The storage unit stores each of the log-likelihood matrices in a plurality of dimensions corresponding to a plurality of classes of the unit sequence,
The information processing device according to any one of claims 1 to 6, wherein the forward probability calculation unit performs processing in parallel in each of the plurality of dimensions other than the time step .

computer,
In order to divide a time series of a predetermined phenomenon, the phenomenon is predicted at each time step in a combination of a predicted value, which is a value obtained by predicting the phenomenon for each predetermined unit sequence length, and a variance of the predicted value. Stores a log-likelihood matrix in which the log-likelihood obtained by converting the likelihood, which is the probability that an observed value is generated, into a log, as an element of a matrix in which the length and the time step are arranged in ascending order. storage section,
The log likelihoods other than the beginning of the one line in the log likelihood matrix are arranged so that the log likelihoods when the length and the time step increase by one unit are arranged in one line in ascending order of the lengths. a first matrix moving unit that generates a moving log-likelihood matrix by performing a movement process that moves degrees;
In the moving log likelihood matrix, the continuous generation probability of each component is calculated by adding the log likelihood from the beginning of the line to each component for each line, and the continuous generation probability is calculated. Continuous generation probability calculation unit that generates a matrix,
A second step of generating a moving continuous generation probability matrix by moving the continuous generation probability so that in the continuous generation probability matrix, the movement destination and movement source of the component whose value has been moved in the movement process are reversed. a matrix moving part, and
In the moving continuous generation probability matrix, for each time step, a unit sequence of a certain length is created using a value obtained by adding the continuous generation probability to each component in ascending order of the length, with a certain time step as the end point. A program characterized in that it functions as a forward probability calculation unit that calculates the forward probability that a class is classified into a certain class.
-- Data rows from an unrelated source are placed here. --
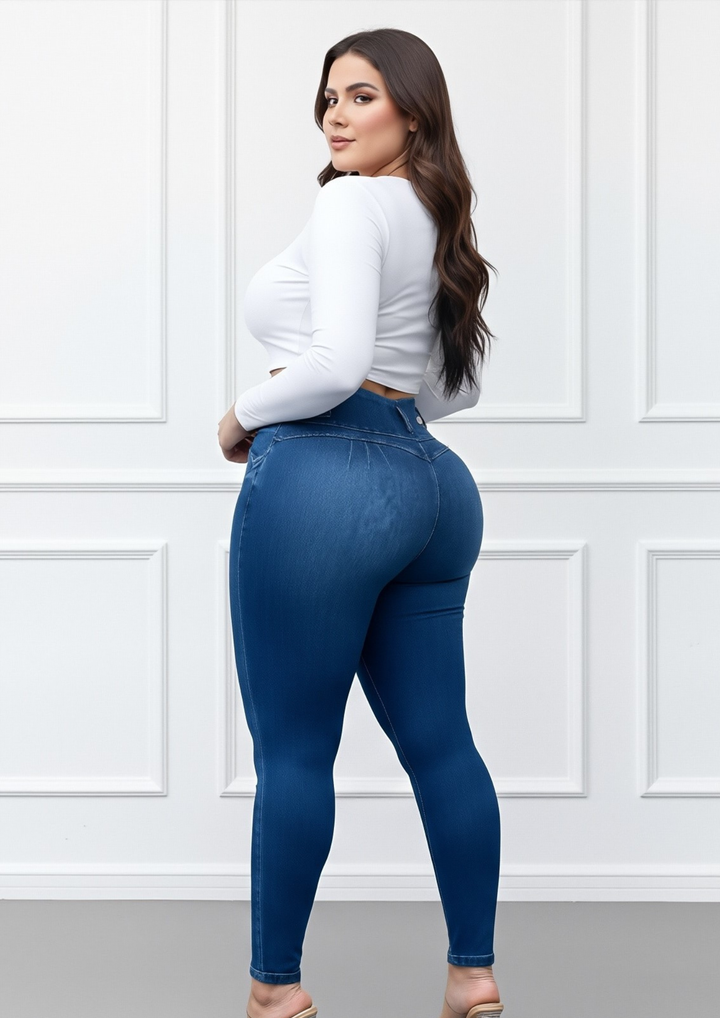 Jeans con Faja Levanta Glúteos 530F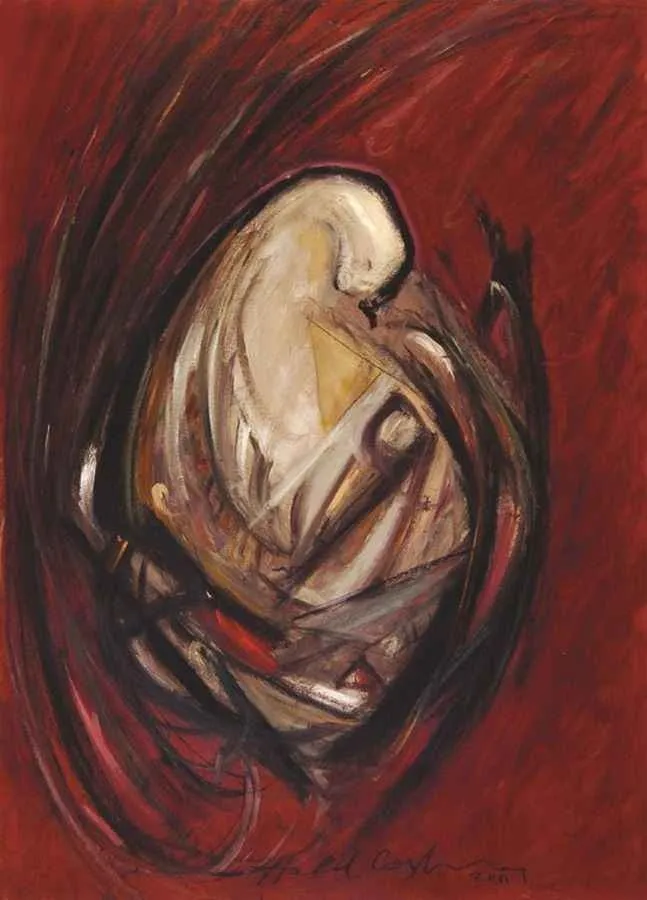 "isimsiz" eseri HALİL COŞKUN tarafından 2011 yılında 70x50 cm ölçülerinde Kağıt üzeri yağlı boya tekniği ile yapılmıştır.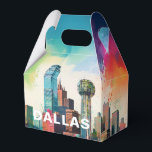 Dallas Skyline Abstrakt Art Presentaskar<br><div class="desc">Lägg till en modern beröring till evenemanget med den här förmånslådan som innehåller abstrakt Dallas skyline art. Perfekt för bröllop,  party eller företagsgåvor.</div>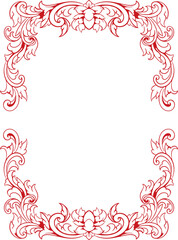 Frame ornament vintage classic element decoration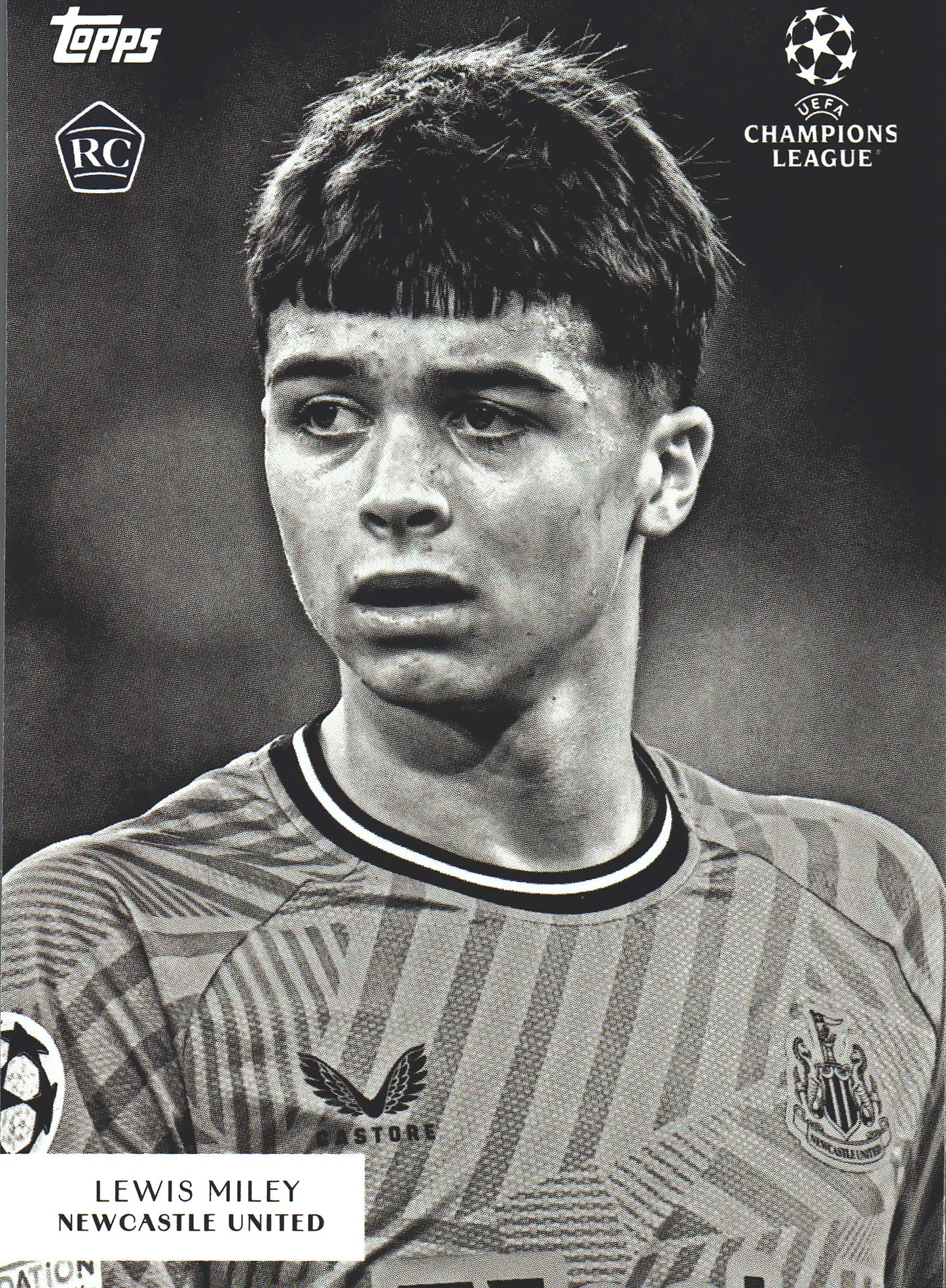 2023 Topps Simplicidad UCC Lewis Miley RC Newcastle United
A combination of a predicted value, which is a value predicted by the first matrix moving unit for each length of a predetermined unit sequence to divide a time series of a predetermined phenomenon, and a variance of the predicted value. In , the log likelihood, which is the probability that an observed value, which is the value obtained from the phenomenon at each time step, is generated, is converted into a logarithm, and the log likelihood is expressed as an element of a matrix in which the length and the time step are arranged in ascending order. Using a log-likelihood matrix shown as A moving log-likelihood matrix is generated by performing a movement process to move the log-likelihood of
The continuous generation probability calculation unit calculates the continuous generation probability of each component by adding the log likelihood from the beginning of the one line to each component for each line in the moving log likelihood matrix. compute to generate a continuously generated probability matrix,
The second matrix moving unit moves the continuous generation probability in the continuous generation probability matrix so that the movement destination and the movement source of the component whose value has been moved in the movement process are reversed. Generate a generation probability matrix,
In the moving continuous generation probability matrix, the probability calculation unit uses a value obtained by adding the continuous generation probability up to each component in the ascending order of the length for each time step, and calculates a certain time step with a certain time step as an end point. An information processing method characterized by calculating the forward probability that a unit sequence of length is classified into a certain class.